Heimweh als Rückkehrgrund
Im Schnitt sind es aber mehr Männer, die sich um einen Arbeitsplatz in der Heimat bemühen, sagt Sabine Ohse. Im Gegensatz zu den Frauen falle es ihnen oft schwerer, sich an eine neue Umgebung anzupassen. Nur 40 Prozent der Bewerber seien weiblich, obwohl ca. 60 Prozent der ostdeutschen Abwanderer Frauen sind. Der typische Rückkehrer ist in der Regel Ende 30 und hat ein abgeschlossenes Hochschulstudium, meist im IT- oder Ingenieur-Bereich. Als Hauptgrund für den Rückkehrwunsch nennen die Betroffenen Heimweh, weiß Sabine Ohse zu berichten. Viele der Bewerber hätten noch eine starke Bindung zu Land und Leuten. Die Familie, die Liebe zur Natur und zu der schönen Landschaft seien die am häufigsten genannten Motive bei den Rückkehrwilligen.
Auch Gehaltseinbußen würden die meisten, die wegen eines gut bezahlten Jobs einst weggezogen sind, in Kauf nehmen, sagt Sabine Ohse.
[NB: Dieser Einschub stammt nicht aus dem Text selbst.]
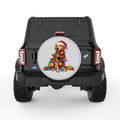CUTE CHRISTMAS GOLDEN RETRIEVER SILVER CARBON FIBER TIRE COVER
Dies belegen auch wissenschaftliche Untersuchungen, wie beispielsweise eine Studie der Hochschule Magedeburg-Stendal. Sabine Ohse und ihre fünf Kolleginnen kennen diese Fälle aus der täglichen Arbeit nur zu gut. "Der Wunsch wieder in der Heimat zu arbeiten, ist bei vielen Abgewanderten vorhanden", sagt sie.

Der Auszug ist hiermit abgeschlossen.